EXTRACTED MATERIAL:
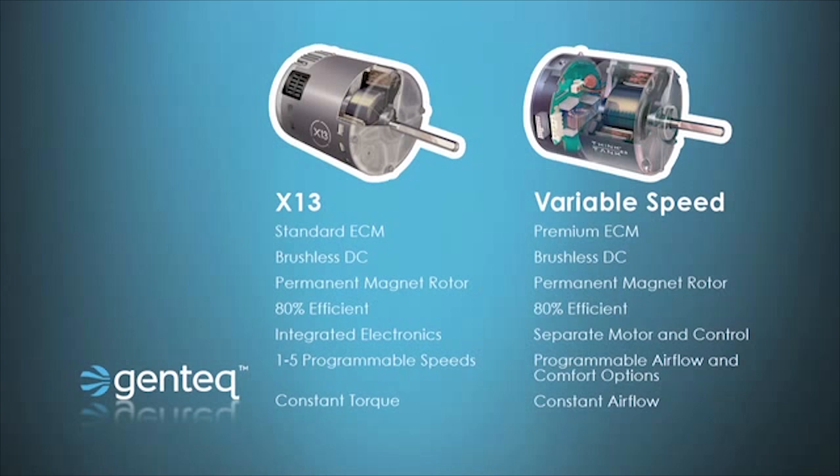And finally, variable speed is made constant airflow, where once you select an airflow point, the motor will make that point when static pressure in the system changes. On X13, we have something called constant torque, which we will explain here.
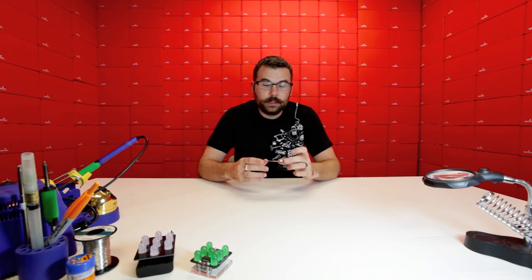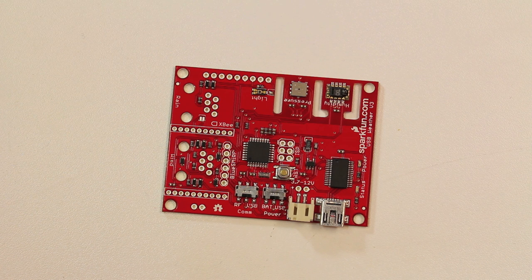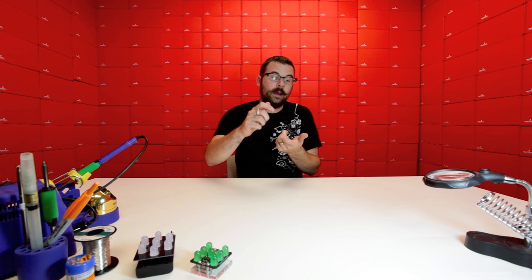Here we've got a new version of our USB weather board. The new version incorporates a couple new interesting features. In addition to the light, humidity, and temperature sensors, it's also got a header for a Blue Smurf, it's got a header for an XBee, and we've included two jacks so you can connect it up to our weather sensors, so you can have a wind and rain sensor.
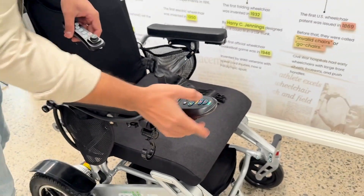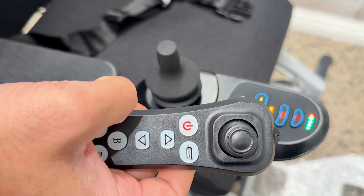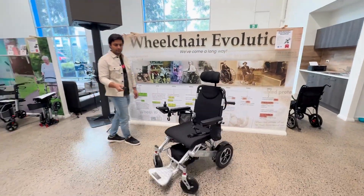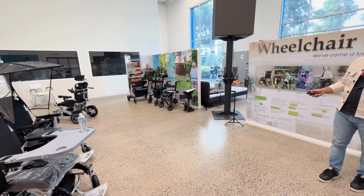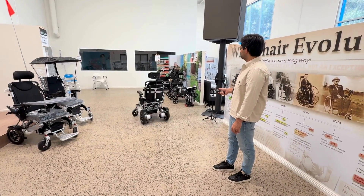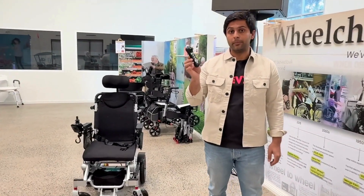The best feature of this wheelchair is it comes with the wireless skater remote. Simply you need to pair this with the wheelchair. First, you turn on the wheelchair. Then press this button for a couple of seconds. Once it starts blinking green, it means it is paired. Now you can operate this wheelchair. The connectivity range of this controller is 30 meters, which I will show you right now.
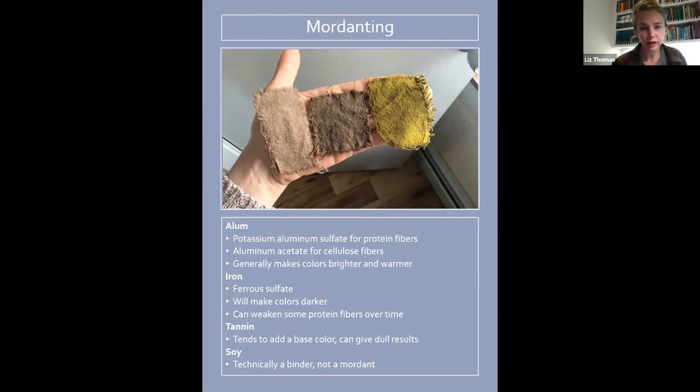Tannin I never really use — I've used it a bit in the past but I feel like it can make colors dull. It's not as wash and light fast as the other metal mordants, and it tends to add a base color which might be why it makes other colors look dull. For a tannin mordant, you can make it yourself using acorns, sumac leaves, or oak leaves — anything with a lot of tannin — basically making a tannin bath and soaking your fabric in it. You can also buy tannin powder.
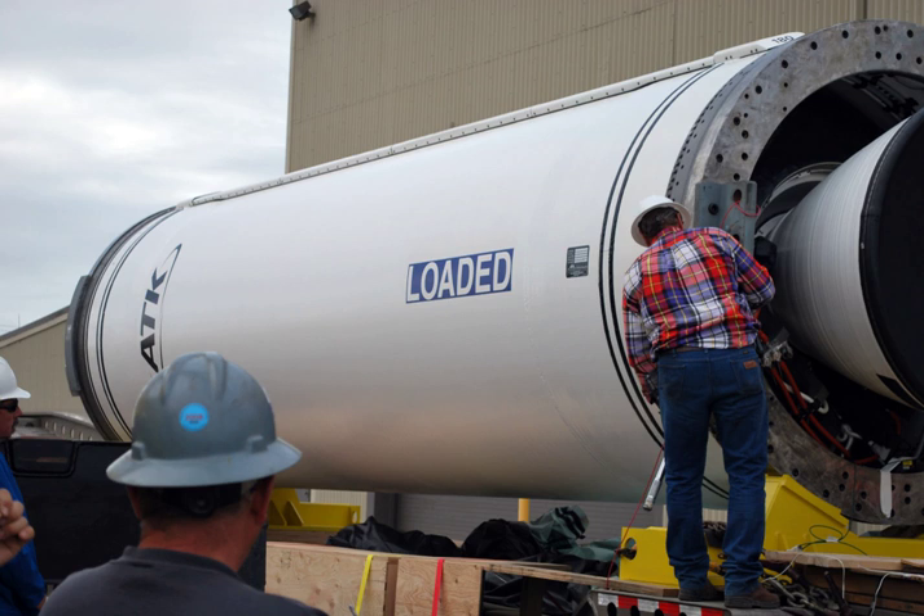The Castor-30 XL solid rocket motor measures 236 inches in length and 92 inches in diameter, and it weighs approximately 56,000 pounds. The nozzle is 8 feet long with a submerged design with a high performance expansion ratio and a dual density exit cone.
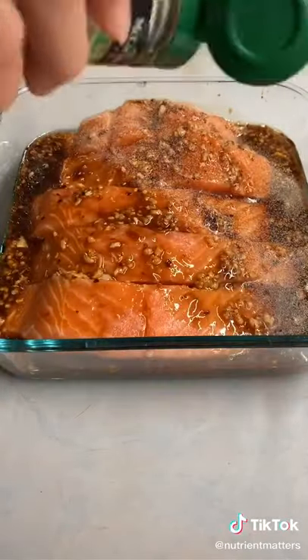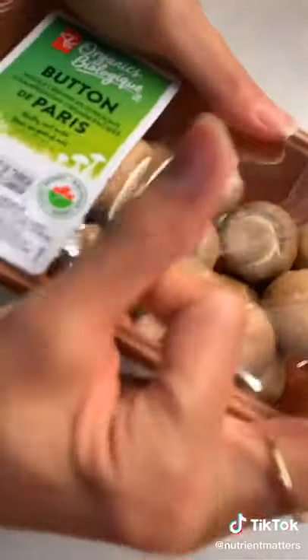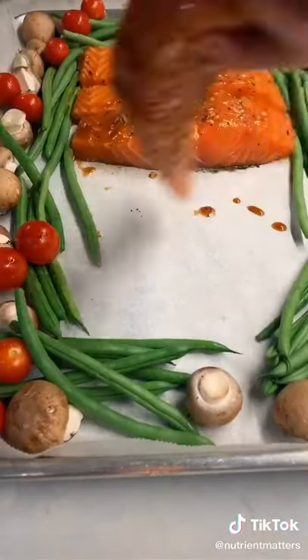I add my marinade, garlic powder, salt and pepper, then flip over the fillets so they soak up all the marinade. For my veggies, I'm doing button mushrooms, green beans, and some mini tomatoes. Add your salmon to a baking tray lined with parchment paper.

ASSIGNMENT:
For this answer, retype the lines from the start of the listing through the line that holds "Here we've got", inclusive, exactly and without pictures.

RESPONSE TO THIS TASK:
And finally, variable speed is made constant airflow, where once you select an airflow point, the motor will make that point when static pressure in the system changes. On X13, we have something called constant torque, which we will explain here.
Here we've got a new version of our USB weather board. The new version incorporates a couple new interesting features. In addition to the light, humidity, and temperature sensors, it's also got a header for a Blue Smurf, it's got a header for an XBee, and we've included two jacks so you can connect it up to our weather sensors, so you can have a wind and rain sensor.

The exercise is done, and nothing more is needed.